[Scraped caption text data]
*** Block opens ***

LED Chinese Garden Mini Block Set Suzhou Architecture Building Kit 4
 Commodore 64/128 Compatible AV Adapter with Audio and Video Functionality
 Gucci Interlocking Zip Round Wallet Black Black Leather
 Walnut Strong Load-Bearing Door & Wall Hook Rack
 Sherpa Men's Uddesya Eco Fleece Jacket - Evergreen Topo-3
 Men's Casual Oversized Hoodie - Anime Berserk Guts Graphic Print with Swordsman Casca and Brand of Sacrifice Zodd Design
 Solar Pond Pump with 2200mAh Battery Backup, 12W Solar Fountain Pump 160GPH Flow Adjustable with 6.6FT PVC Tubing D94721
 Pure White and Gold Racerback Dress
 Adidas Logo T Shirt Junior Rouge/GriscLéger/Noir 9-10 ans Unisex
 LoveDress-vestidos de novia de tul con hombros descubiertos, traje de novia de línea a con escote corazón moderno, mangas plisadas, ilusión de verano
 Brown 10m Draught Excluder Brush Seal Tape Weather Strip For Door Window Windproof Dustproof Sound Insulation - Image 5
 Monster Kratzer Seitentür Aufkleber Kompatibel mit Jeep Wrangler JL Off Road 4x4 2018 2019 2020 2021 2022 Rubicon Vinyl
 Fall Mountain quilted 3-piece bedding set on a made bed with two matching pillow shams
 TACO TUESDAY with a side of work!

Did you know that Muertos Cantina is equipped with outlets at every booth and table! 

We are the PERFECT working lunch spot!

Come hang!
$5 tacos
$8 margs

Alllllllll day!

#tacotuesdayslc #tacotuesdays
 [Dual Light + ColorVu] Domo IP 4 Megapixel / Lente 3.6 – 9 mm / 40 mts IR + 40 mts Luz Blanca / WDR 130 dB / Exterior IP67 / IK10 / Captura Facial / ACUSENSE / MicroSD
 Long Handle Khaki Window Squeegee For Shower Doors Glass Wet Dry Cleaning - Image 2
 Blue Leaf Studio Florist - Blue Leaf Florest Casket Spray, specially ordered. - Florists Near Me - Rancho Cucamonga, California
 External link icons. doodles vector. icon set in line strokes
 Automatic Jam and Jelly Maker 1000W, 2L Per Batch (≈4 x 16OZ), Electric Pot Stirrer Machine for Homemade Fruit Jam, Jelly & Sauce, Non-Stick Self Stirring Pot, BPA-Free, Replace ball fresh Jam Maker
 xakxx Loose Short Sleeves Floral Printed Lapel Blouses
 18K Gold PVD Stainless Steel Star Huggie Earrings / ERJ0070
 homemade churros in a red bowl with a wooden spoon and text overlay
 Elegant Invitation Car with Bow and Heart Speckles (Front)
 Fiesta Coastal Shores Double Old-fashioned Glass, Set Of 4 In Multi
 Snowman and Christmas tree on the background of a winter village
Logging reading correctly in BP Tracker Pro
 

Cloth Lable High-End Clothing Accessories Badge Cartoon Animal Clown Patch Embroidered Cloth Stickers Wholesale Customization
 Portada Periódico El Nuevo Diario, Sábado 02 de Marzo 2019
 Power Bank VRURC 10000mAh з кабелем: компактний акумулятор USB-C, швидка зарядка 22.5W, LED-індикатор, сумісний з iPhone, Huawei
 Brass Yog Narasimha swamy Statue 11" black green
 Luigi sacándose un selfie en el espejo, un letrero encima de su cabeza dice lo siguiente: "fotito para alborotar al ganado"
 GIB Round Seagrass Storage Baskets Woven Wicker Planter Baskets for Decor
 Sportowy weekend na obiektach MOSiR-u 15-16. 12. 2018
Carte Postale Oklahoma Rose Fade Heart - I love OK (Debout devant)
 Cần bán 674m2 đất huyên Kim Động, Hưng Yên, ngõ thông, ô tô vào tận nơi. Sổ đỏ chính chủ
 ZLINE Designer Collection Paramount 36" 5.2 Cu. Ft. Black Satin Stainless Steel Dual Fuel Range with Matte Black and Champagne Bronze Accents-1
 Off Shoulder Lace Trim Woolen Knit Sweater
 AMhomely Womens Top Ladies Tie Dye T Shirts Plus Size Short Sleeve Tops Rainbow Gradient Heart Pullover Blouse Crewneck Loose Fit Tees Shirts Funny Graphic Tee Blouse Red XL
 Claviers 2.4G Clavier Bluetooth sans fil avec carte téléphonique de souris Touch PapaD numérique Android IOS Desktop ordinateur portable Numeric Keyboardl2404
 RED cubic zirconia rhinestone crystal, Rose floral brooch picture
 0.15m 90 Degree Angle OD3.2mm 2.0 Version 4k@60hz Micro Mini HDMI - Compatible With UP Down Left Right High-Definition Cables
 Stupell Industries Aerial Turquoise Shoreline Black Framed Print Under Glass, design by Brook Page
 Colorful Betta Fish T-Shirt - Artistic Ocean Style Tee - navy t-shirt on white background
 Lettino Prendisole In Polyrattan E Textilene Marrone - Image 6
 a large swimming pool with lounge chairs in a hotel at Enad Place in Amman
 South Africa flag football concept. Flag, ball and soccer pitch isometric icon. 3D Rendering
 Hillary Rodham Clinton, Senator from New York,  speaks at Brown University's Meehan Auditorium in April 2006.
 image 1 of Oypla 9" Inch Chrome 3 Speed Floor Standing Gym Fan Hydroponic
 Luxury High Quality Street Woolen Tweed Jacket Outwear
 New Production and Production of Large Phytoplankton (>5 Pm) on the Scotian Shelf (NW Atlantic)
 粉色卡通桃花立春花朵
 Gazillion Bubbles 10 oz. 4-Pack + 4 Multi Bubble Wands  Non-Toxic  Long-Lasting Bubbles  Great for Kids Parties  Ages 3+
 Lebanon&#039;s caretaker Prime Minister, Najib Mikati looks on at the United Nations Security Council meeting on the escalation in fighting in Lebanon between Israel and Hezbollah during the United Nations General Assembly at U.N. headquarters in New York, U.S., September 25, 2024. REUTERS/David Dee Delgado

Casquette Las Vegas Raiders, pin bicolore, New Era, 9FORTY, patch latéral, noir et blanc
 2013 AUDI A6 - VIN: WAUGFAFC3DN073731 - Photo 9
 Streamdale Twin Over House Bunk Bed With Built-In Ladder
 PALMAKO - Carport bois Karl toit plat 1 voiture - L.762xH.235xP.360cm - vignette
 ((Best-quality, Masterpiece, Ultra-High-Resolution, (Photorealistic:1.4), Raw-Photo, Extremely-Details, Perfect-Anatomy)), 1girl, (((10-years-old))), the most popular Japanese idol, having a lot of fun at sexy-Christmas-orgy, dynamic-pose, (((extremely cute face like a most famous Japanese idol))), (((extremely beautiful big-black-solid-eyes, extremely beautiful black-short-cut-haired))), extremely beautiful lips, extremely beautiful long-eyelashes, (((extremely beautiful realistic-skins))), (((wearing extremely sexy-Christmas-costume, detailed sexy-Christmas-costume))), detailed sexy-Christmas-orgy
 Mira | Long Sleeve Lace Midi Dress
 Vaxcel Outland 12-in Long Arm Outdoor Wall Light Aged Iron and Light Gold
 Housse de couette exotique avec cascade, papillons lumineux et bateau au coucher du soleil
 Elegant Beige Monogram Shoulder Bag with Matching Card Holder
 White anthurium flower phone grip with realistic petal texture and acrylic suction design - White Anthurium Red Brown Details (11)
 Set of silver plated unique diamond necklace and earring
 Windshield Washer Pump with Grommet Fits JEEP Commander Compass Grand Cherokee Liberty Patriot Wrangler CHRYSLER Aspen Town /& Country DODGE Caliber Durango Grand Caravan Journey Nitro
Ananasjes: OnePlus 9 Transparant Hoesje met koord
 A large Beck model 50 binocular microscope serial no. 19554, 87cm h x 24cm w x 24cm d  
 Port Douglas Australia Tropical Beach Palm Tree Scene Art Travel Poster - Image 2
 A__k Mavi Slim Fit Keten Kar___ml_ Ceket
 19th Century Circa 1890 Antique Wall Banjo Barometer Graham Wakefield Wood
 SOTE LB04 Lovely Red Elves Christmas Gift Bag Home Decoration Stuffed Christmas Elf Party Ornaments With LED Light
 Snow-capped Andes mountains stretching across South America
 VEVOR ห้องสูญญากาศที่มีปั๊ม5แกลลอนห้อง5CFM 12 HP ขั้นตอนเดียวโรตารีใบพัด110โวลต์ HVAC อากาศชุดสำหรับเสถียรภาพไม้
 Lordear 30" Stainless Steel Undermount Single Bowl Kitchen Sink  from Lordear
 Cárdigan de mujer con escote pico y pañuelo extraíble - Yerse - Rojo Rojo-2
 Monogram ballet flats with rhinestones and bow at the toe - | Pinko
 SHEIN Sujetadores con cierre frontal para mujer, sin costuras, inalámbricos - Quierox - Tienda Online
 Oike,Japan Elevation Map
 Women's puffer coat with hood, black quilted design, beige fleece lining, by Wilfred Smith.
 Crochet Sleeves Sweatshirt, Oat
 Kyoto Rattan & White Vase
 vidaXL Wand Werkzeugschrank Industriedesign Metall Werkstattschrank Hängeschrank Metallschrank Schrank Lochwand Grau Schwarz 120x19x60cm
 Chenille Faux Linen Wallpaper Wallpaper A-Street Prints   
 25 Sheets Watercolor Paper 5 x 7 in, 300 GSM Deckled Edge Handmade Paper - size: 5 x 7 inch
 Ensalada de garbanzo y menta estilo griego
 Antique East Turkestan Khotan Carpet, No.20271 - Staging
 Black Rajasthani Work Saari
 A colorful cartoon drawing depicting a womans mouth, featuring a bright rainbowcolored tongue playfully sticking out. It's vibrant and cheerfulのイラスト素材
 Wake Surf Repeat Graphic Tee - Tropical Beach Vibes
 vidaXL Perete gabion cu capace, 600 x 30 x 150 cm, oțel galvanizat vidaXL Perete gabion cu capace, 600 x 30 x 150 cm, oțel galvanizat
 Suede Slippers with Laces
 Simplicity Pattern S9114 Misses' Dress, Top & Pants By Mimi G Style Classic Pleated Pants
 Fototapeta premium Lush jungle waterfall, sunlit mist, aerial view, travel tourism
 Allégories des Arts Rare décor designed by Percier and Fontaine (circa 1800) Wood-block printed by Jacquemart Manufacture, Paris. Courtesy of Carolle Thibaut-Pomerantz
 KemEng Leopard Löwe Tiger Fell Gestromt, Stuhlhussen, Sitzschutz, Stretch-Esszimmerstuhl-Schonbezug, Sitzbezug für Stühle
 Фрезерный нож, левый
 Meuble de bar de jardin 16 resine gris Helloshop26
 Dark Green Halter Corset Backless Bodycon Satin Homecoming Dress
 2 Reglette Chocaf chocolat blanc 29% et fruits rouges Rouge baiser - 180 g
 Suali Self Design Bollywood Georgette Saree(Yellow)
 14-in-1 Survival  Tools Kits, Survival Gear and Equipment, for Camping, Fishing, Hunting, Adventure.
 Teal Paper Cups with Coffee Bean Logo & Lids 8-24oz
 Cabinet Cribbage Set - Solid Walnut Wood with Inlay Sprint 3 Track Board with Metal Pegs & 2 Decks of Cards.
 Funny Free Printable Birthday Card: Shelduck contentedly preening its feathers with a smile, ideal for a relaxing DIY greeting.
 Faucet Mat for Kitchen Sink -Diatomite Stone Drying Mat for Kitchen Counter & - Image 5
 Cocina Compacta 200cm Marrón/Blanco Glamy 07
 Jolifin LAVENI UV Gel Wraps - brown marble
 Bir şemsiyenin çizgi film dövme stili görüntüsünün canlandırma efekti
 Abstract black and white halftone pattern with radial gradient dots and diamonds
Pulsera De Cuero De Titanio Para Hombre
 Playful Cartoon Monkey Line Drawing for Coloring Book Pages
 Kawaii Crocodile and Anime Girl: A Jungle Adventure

*** Block closes ***

Exercise goal: Once the line with "0.15m 90 Degree" is found in the records above, print exactly that line and every line after it through the line with "Gazillion Bubbles 10".

Response to the task:
 0.15m 90 Degree Angle OD3.2mm 2.0 Version 4k@60hz Micro Mini HDMI - Compatible With UP Down Left Right High-Definition Cables
 Stupell Industries Aerial Turquoise Shoreline Black Framed Print Under Glass, design by Brook Page
 Colorful Betta Fish T-Shirt - Artistic Ocean Style Tee - navy t-shirt on white background
 Lettino Prendisole In Polyrattan E Textilene Marrone - Image 6
 a large swimming pool with lounge chairs in a hotel at Enad Place in Amman
 South Africa flag football concept. Flag, ball and soccer pitch isometric icon. 3D Rendering
 Hillary Rodham Clinton, Senator from New York,  speaks at Brown University's Meehan Auditorium in April 2006.
 image 1 of Oypla 9" Inch Chrome 3 Speed Floor Standing Gym Fan Hydroponic
 Luxury High Quality Street Woolen Tweed Jacket Outwear
 New Production and Production of Large Phytoplankton (>5 Pm) on the Scotian Shelf (NW Atlantic)
 粉色卡通桃花立春花朵
 Gazillion Bubbles 10 oz. 4-Pack + 4 Multi Bubble Wands  Non-Toxic  Long-Lasting Bubbles  Great for Kids Parties  Ages 3+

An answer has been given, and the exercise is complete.